Da Redação
Nos últimos dias, a redação da Gazeta do Triângulo tem recebido inúmeras reclamações vindas de moradores do Residencial Madri a respeito de um fato que tem causado transtornos: não existe no local nenhuma área adequada para lazer, voltado para as crianças das imediações brincarem em segurança.
Apesar de existir o local, os trâmites burocráticos não foram cumpridos
O bairro não possui praças e nem quadra poliesportiva. Por falta de opção, a garotada acaba por utilizar as vias públicas como campo de futebol improvisado e espaço para outras brincadeiras, correndo o risco de atropelamentos.
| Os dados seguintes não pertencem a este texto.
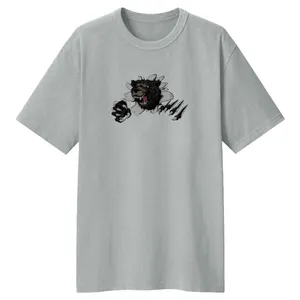 تی شرت لانگ زنانه مدل خرس کد LL134 رنگ طوسی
Insatisfeito, Luis Carlos Arantes, residente na rua Dois, afirma que, antes de uma necessidade, a reivindicação é um direito. “Estamos sendo tomados pelo descaso. O bairro possui infra-estrutura, mas infelizmente ele não é grande. No entanto, as crianças estão sem um local adequado para recreação e as ruas de hoje não são mais como antigamente, tempo em que não existiam tantos carros. Muitas vezes os pais precisam trabalhar sabendo que qualquer hora pode haver uma notícia de que seu filho foi atropelado. E não é só a questão do trânsito: como consta no Estatuto da Criança e do Adolescente, o lazer é um direito. Estamos lutando contra a criminalidade, o crack, e eu vejo que um local para a prática de esporte num bairro é uma coisa muito importante, pois os jovens podem se distrair e esquecer dessas mazelas por um momento,” justificou.
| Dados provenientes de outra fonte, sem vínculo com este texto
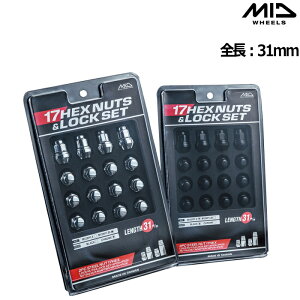 RAYS MARUKA MID 17HEX �z�C�[���i�b�g ����h�~���b�N�i�b�g�t�� 20�Z�b�g M12×P1.25/P1.5 17HEX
O morador fez ainda outras ressalvas a respeito da situação. “Há 18 anos, no projeto que me foi mostrado, haveria uma área de lazer aqui. Até hoje este espaço ainda não foi apresentado para os moradores. Outras pessoas que residem aqui também se sentem prejudicadas e indagam se vai haver área de lazer, pois muitos nem possuem filhos, mas se preocupam pelos demais. Existe uma quadra abandonada, mas num espaço particular. Para nós isso é um absurdo,” afirma.
Em resposta aos questionamentos, o secretário de Serviços Urbanos Miguel Domingos de Oliveira, achou a reivindicação dos moradores muito justa, mas explicou o que precisa ser feito para que ela se torne realidade. “Antes de tudo, para se fazer uma obra como essa é preciso ter autorizações, espaço, orçamento. A primeira providência que os moradores do Residencial Madri devem tomar é confeccionar um abaixo-assinado e despachá-lo para a secretaria de Esporte. Isso deveria ter sido previsto no projeto,” complementou o secretário.